Today, and for the longest while, hackers have mostly been portrayed as a sort of immoral subset of digital others. However, it would appear that this is only a misrepresentation of people who simply hold an in-depth understanding of digital devices and how they function. There is an abundance of evidence that sheds light on the hacking culture and proves it to be much broader than what many people believe it to be. Hacking goes beyond breaking into computer networks and security systems, and one college professor's research does well at advocating for the unappreciated hacker culture.
Kevin Steinmetz is an assistant professor of anthropology, social work and sociology at Kansas State University's (KSU) College of Arts and Science. He researches and studies technology crimes and hacking culture. Through his latest endeavor, he provides a different perspective to our understanding of hacking by essentially posing two questions: what is a hacker and what does it mean to hack? His discovery might come as a surprise to some and perhaps disappoint others. Regardless, it would seem that hacking, much like carpentry, metalwork or pottery, is just another modern day craft.

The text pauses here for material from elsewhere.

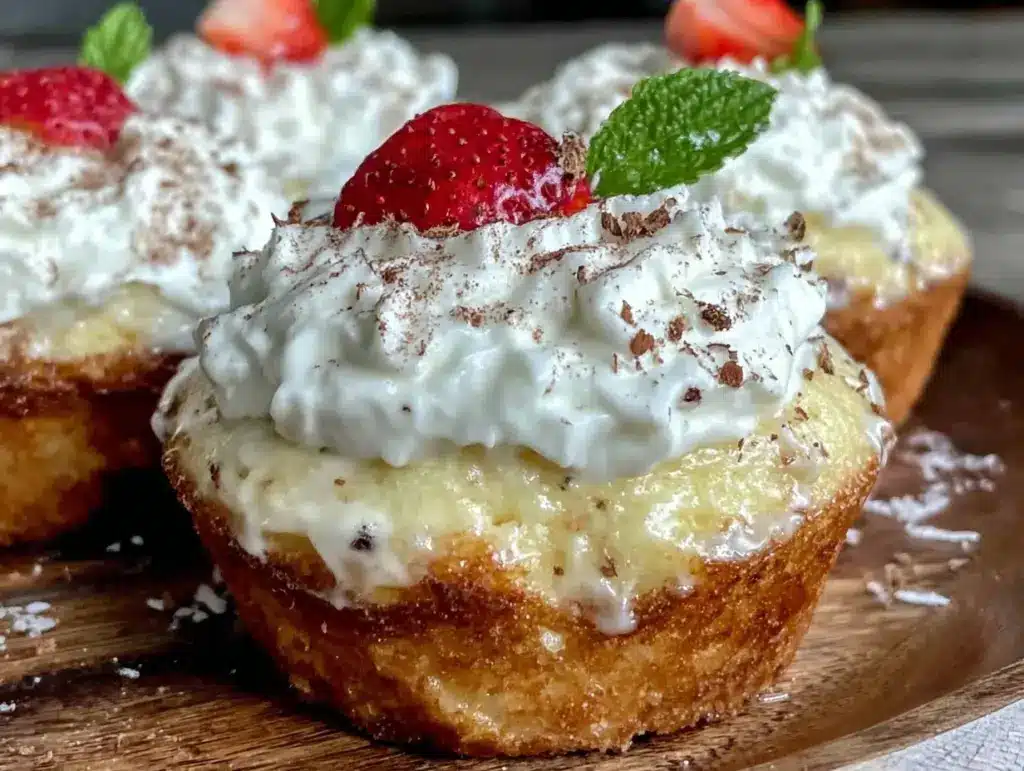 creamy tres leches cake cups - featured image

Steinmetz's study involved field research of an ethnographic kind. The professor met with hacking groups in Texas in order to observe them and study their culture. He performed interviews to gain a better comprehension of how they perceive themselves and what they do.
It was found that, despite the actions of a very small yet very loud minority, hacking is and always has been about programming and the application of such skills. What began as a nerdy, tech-obsessed pass-time has grown into a variant subculture. However, the world tends to focus on a tiny demographic of this subculture that has been made infamous by a more prominent security culture.
Steinmetz reports, “Hacking is crafty and also looks a lot like craftsmanship. Perhaps the best way we can understand hacking is as a transgressive, technological craft.”
By analyzing the various perceptions and characteristics of hackers, Steinmetz's research uncovered similarities between hacking and craftwork. These parallels include: an emphasis on skill, a deep sense of commitment, a particular mentality, guild-like social and learning structures, common experiences, and tendencies toward transgression.
The term hacking gained negative connotations due to modern political and media discussions where it is often used to describe outcomes like network intrusions and credit card theft, but these depictions tend to overlook the fact that hacking is more about the process than the results. Steinmetz advocates that those who utilize their programming skills solely for results are not “true” hackers. “They have to take on the quantities of craftsmen – someone who enjoys their work and is dedicated to it.”
Professor Kevin Steinmetz's research is an enlightening insight and is available in the British Journal of Criminology.